▶ **Given material**:
————
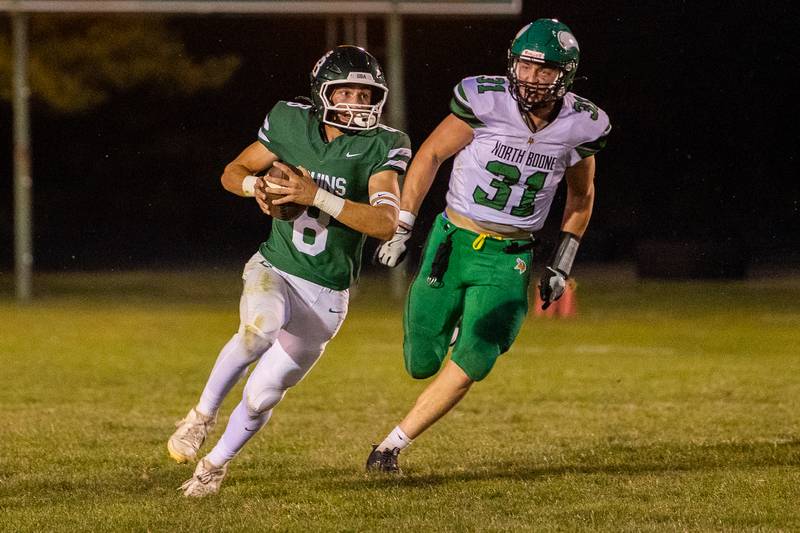 Gino Ferrari (8) of St. Bede runs ball as Brad Dahl (31) of North Boone trails on Friday, Sept 12, 2025 at Captain Thomas J. Heitmann field in Peru.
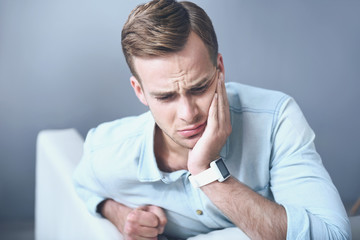 Handsome unhappy man suffering from toothache.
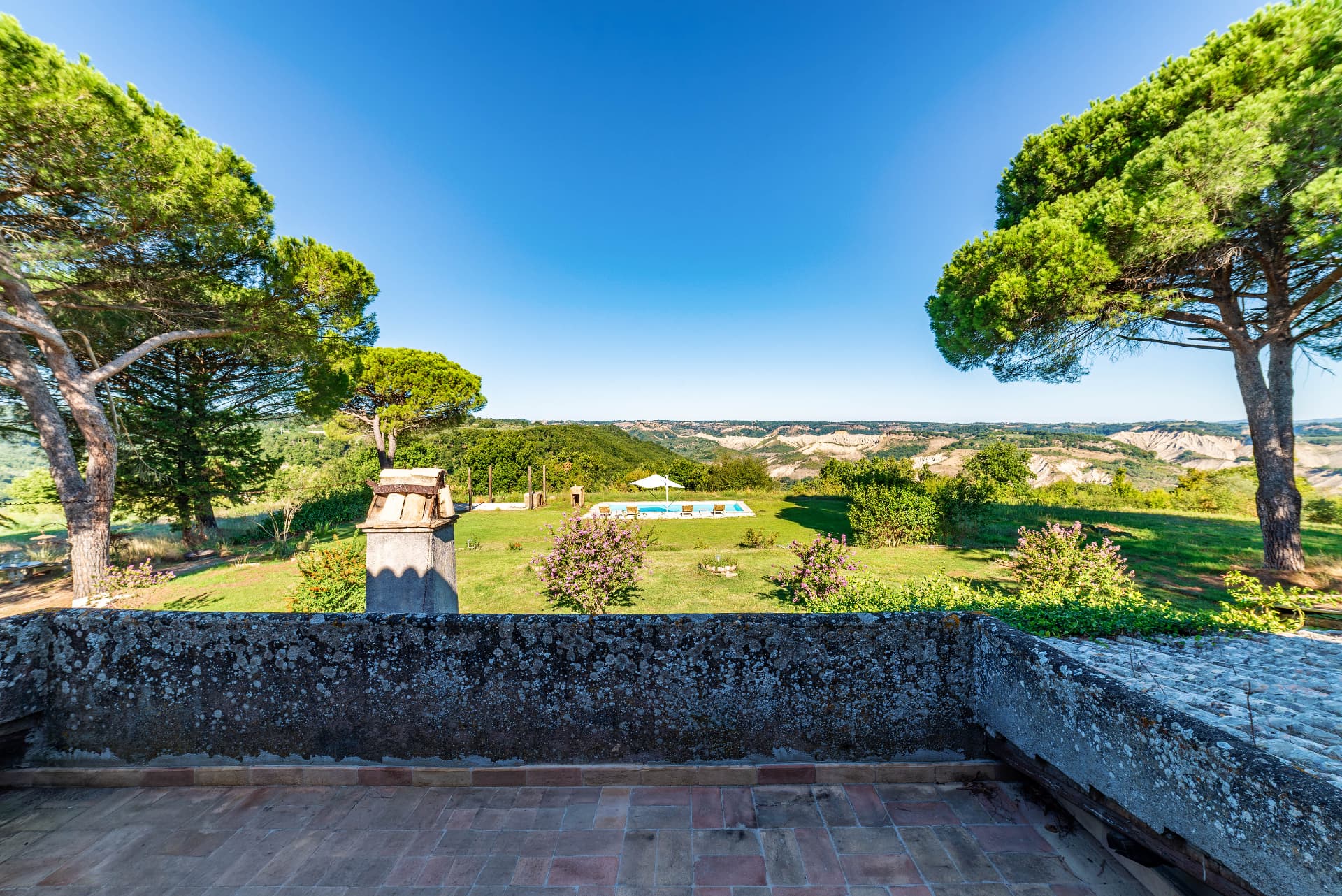 The terrace, garden and pool looking over the calanchi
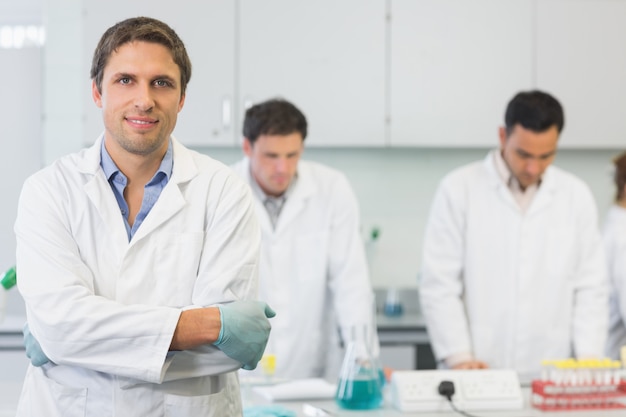 Lächelnder Wissenschaftler mit Kollegen bei der Arbeit im Labor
————
Where the data contains an image, skip the image and copy everything else exactly as it appears.

▶ **Written answer**:
 Gino Ferrari (8) of St. Bede runs ball as Brad Dahl (31) of North Boone trails on Friday, Sept 12, 2025 at Captain Thomas J. Heitmann field in Peru.
 Handsome unhappy man suffering from toothache.
 The terrace, garden and pool looking over the calanchi
 Lächelnder Wissenschaftler mit Kollegen bei der Arbeit im Labor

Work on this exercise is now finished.